Engineering Trade-offs and Open Questions
The tent model is not without genuine engineering considerations. Thermal management in fabric enclosures behaves differently from purpose-built raised-floor or hot-aisle/cold-aisle arrangements. Air sealing, fire suppression, and water intrusion risk all require deliberate mitigation at scale. Meta has not publicly detailed the mechanical engineering specifics, so it is not yet possible to assess whether the six deployed structures have encountered operational friction. The 50 percent build-time reduction figure is compelling, but the operational reliability track record over a multi-year horizon remains to be seen.
Grid interconnection timelines for the Prometheus campus are also unresolved in the public record. Utility-scale power delivery in the U.S. — particularly at the 1 GW level — typically involves multi-year queue positions with regional transmission operators. Ohio's power grid infrastructure and the American Electric Power service territory covering the New Albany area will bear significant load additions as Meta's campus scales. Whether the construction velocity enabled by tents is matched by equivalent velocity on the power delivery side will determine whether early hardware deployment translates to early productive compute, or merely early idle hardware.
What This Unlocks
The practical upshot, if the approach scales cleanly, is that Meta can put accelerator silicon — H100s, its own MTIA chips, or whatever the next generation brings — into service roughly twice as fast as a conventional construction timeline would permit. In a market where Nvidia GPU allocation is contested and the opportunity cost of idle allocated hardware is substantial, that acceleration has real financial weight. Getting a training cluster online six months earlier than a conventional build would allow does not just save construction interest on capex; it compresses the path from model conception to deployment-ready weights.

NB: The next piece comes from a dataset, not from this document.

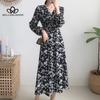 Женское осенне-весеннее синее длинное платье с v-образным вырезом и длинными рукавами с цветочным принтом, повседневное элегантное платье с принтом Florla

Whether tent-built data centers become a broader industry norm depends partly on whether Meta publishes enough operational detail for others to replicate the approach confidently. Given that the company has historically been generous with infrastructure research — the Open Compute Project being the landmark example — there is a reasonable expectation that design specifics will eventually enter the public domain.
For now, Meta has six tent-based structures in service and a 1 GW campus on track to come online this year. The infrastructure race for AI compute is being run on a tighter calendar than any prior data center buildout, and the companies willing to treat building enclosures as variables rather than fixed prerequisites appear to be gaining time.